Bruce has seen 3-4 people he's either legally or nominally responsible for die on his watch, another 3 tortured to near-death conditions on multiple occasions, 1 permanently injured, and had a villain murder the man who raised him and leave his body for Bruce to find, and yet the only thing anyone really ever talks about re: Bruce killing is Jason and the Joker. If the line is torturing one of his kids (or those flying under his banner) half to death, by all rights he should have killed Two-Face and Black Mask for what they did to Dick and Steph. If it's killing a 'family' member, he should have killed Joker, Black Mask, Bane, and Talia (also Lex Luthor and...technically Jacob Kane, considering everyone thought Tim was dead during the Rebirth arc).

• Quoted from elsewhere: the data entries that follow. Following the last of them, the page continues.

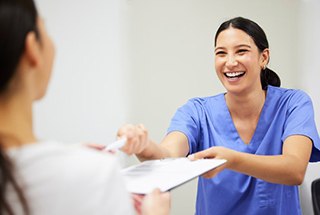 Dental assistant handing a patient a dental insurance form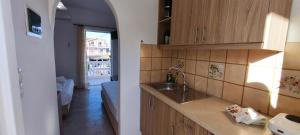 a kitchen with a sink and a living room at Ragias Studios in Tsilivi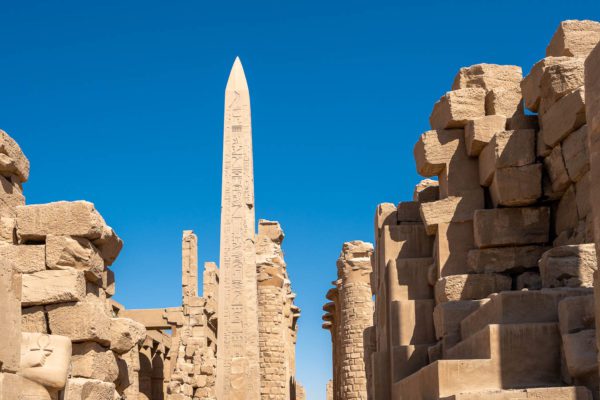 An ancient Egyptian temple complex with towering obelisk, hieroglyphs, and stone ruins under a clear blue sky, exhibiting historic architecture and archaeological significance.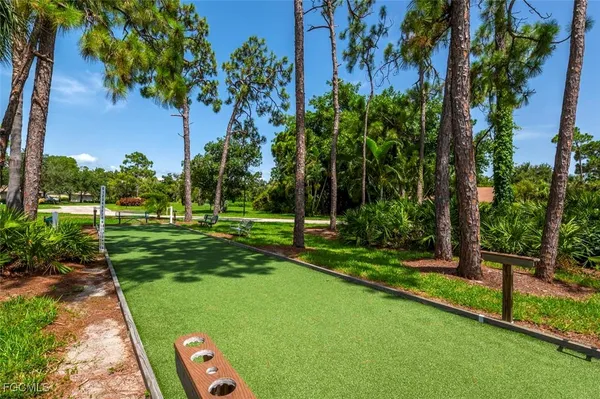 a view of a golf course with a lake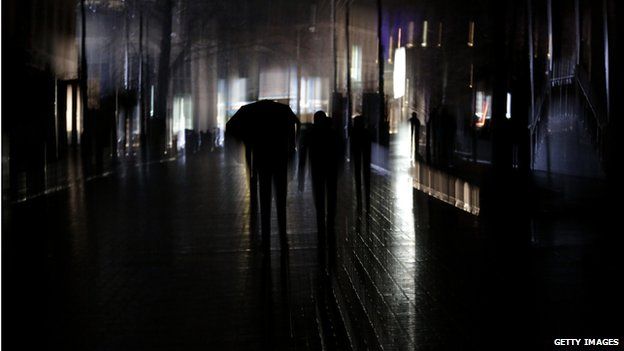 A man walks with an umbrella during a power outage in the Crimean city of Simferopol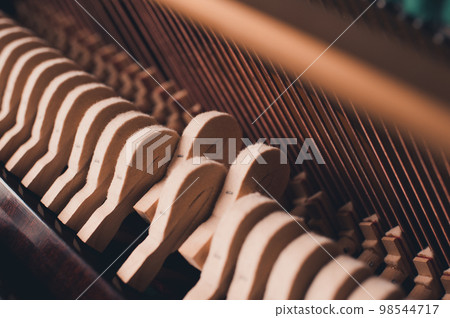 Tuning piano with strings and hammers Tuning piano with strings and hammers 98544717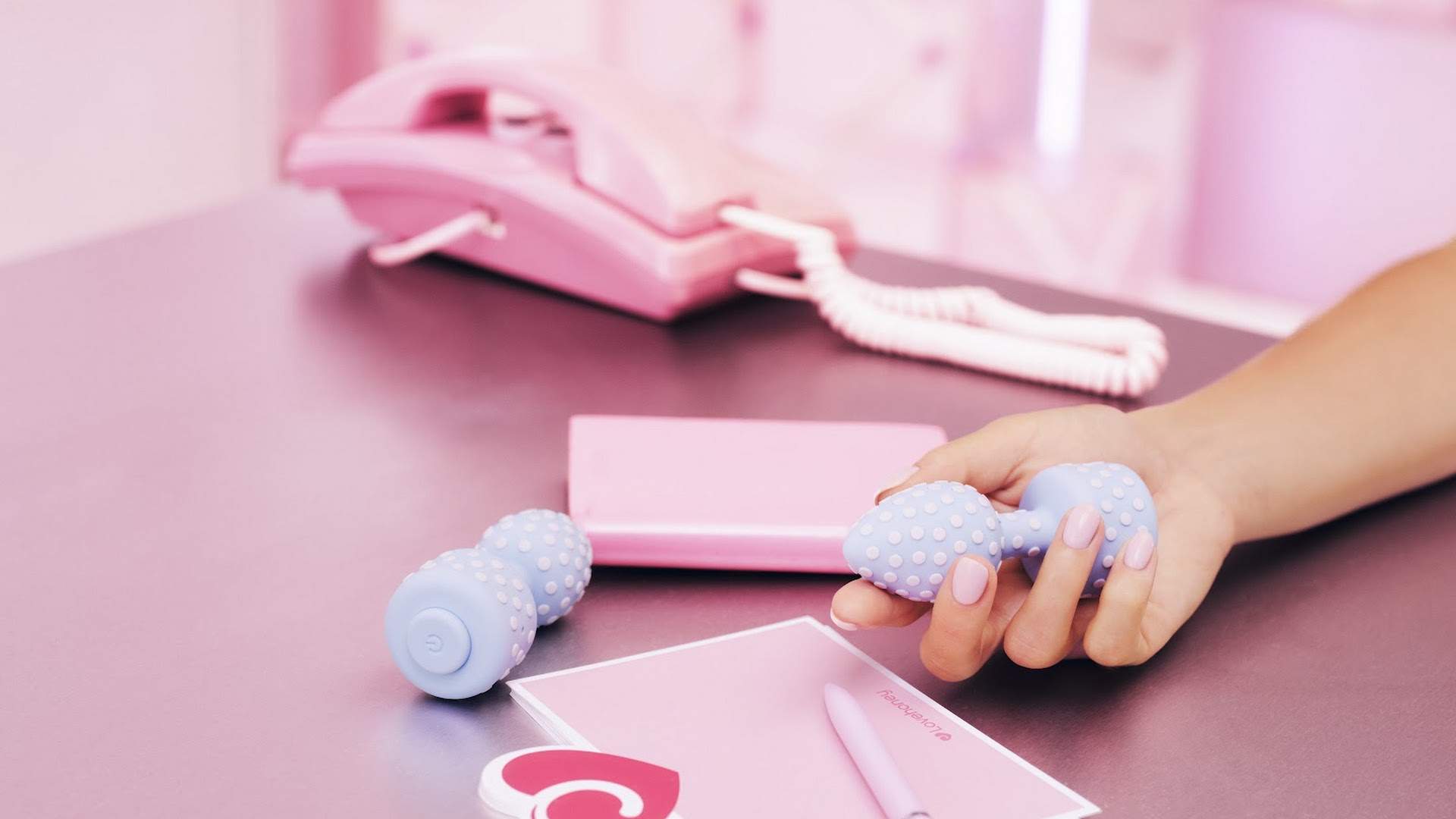 A hand picks up the pale blue polka-dot butt plug from a pink desk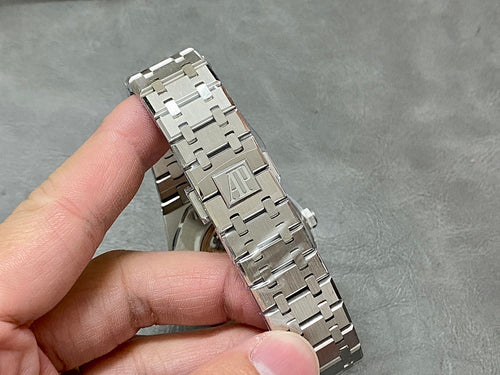 Audemars Piguet Royal Oak watch with silver metal link bracelet, side view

It's not just the Joker at stake here: if we start saying "Batman should kill the Joker because of what he did to Jason [and everyone else]," you start getting into really thorny questions about well...a lot of Bruce's villains have done some ridiculously morally reprehensible stuff, including mass murder and irreparable personal harm to someone he considers family. What makes the Joker's mass murder different from Ivy's mass murder (and yes, canonically they are both mass murderers) that justifies the Joker's death but not Ivy's?
You can of course justify that by saying "but Ivy's not unredeemable! She can be reasoned with and rehabilitated!" but...what if Bruce had made the decision that she was unredeemable and worthy of death before her No Man's Land-era redemption arc kicked off? It loops back around to #1, that Bruce doesn't feel personally qualified to make that moral and ethical decision about who gets to live or die, because he thinks everyone has the personal capacity to change (and what right does he have to take that possibility away from someone?)
....also personally I think "they deserve to die" and "I deserve to kill them/let them die" aren't morally/ethically equivalent statements and Bruce can certainly think Joker deserves to die without also thinking he is morally allowed to kill him (or morally allowed to let someone else kill him when he has the ability to stop them).